Carbon-tolerant Ni-based cermet anodes modified by proton conducting yttrium- and ytterbium-doped barium cerates for direct methane solid oxide fuel cells

Abstract

Conventional Ni-based cermet anodes such as Ni-gadolinia doped ceria (Ni-GDC) suffer from low carbon deposition resistance in direct methane solid oxide fuel cells (SOFCs). Here we show that impregnating proton conducting perovskites like BaCe_0.9Y_0.1O_3−δ (BCY) and BaCe_0.9Yb_0.1O_3−δ (BCYb) in Ni-GDC not only improves the initial polarization performance but also, most importantly, significantly enhances the stability in wet methane fuel (3% H₂O in CH₄) by inhibiting carbon deposition and formation. In wet methane, the voltage of the cell with the conventional Ni-GDC anode decreases rapidly from 0.58 to 0.15 V within 6 h at 200 mA cm⁻² and 750 °C. In contrast, in the case of the cells with BCY + Ni-GDC and BCYb + Ni-GDC anodes, the cell voltage is essentially constant at 0.62–0.65 V over a period of 48 h tested under identical conditions.

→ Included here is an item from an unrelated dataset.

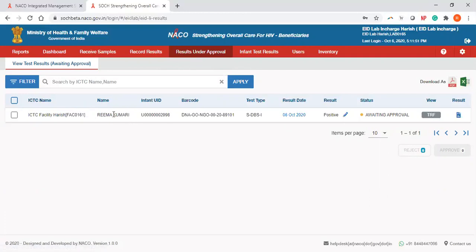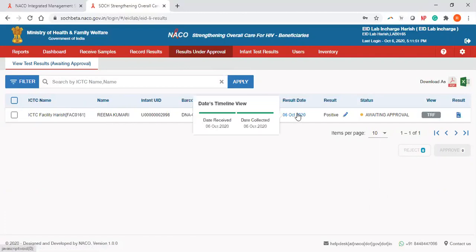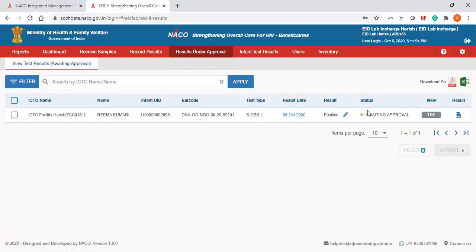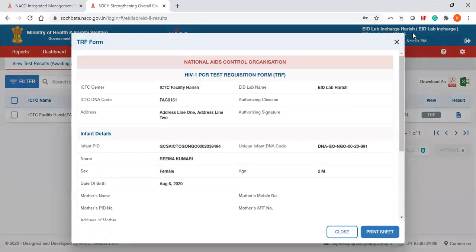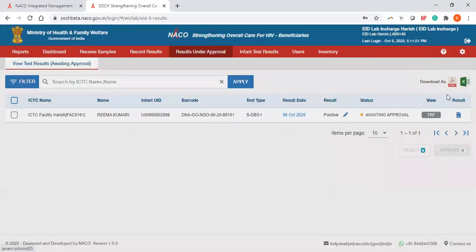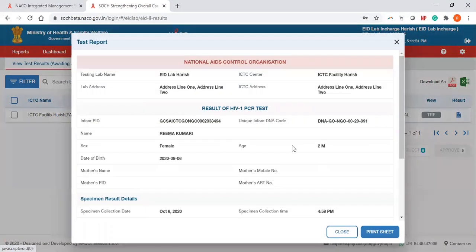The Lab in Charge can check the name of the infant, test type, result date, TRF, and the report.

The microstructure and Raman spectroscopy analysis reveal that the impregnated fine BCY and BCYb particles are preferentially distributed on the surface of the Ni grains in the Ni-GDC anode, decreasing the exposed surface of Ni grains and inhibiting carbon deposition. Also, the proton conducting and fine BCY and BCYb particles can adsorb and decompose water, which in turn reacts with deposited carbon to form CO and H₂, alleviating the carbon deposition problem in the anode and thus significantly improving the cell stability of direct methane SOFCs.